**PROBLEM TO SOLVE:** From the listing below, output only the lines starting at the line that has "不惧严寒，荷兰乳牛极膳营养粉为老年人健康保驾护航" and ending at the line that has "广州远东大厦疫情/广州远东大厦疫情最新消息", exactly as they appear, ends included.

**DATA TO PROCESS:**
*** Begin section ***
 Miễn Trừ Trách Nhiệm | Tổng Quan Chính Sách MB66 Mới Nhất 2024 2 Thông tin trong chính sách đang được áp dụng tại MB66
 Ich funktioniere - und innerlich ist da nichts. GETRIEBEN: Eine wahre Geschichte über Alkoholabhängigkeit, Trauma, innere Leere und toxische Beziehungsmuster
*** End section ***
*** Begin section ***
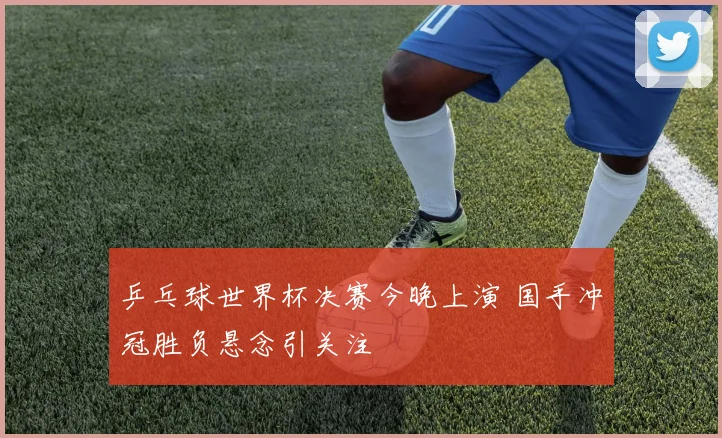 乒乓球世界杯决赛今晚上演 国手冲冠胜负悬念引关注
*** End section ***
*** Begin section ***
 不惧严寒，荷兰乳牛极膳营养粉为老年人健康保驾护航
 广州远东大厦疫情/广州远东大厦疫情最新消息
*** End section ***
**EXERCISE ANSWER:**
 不惧严寒，荷兰乳牛极膳营养粉为老年人健康保驾护航
 广州远东大厦疫情/广州远东大厦疫情最新消息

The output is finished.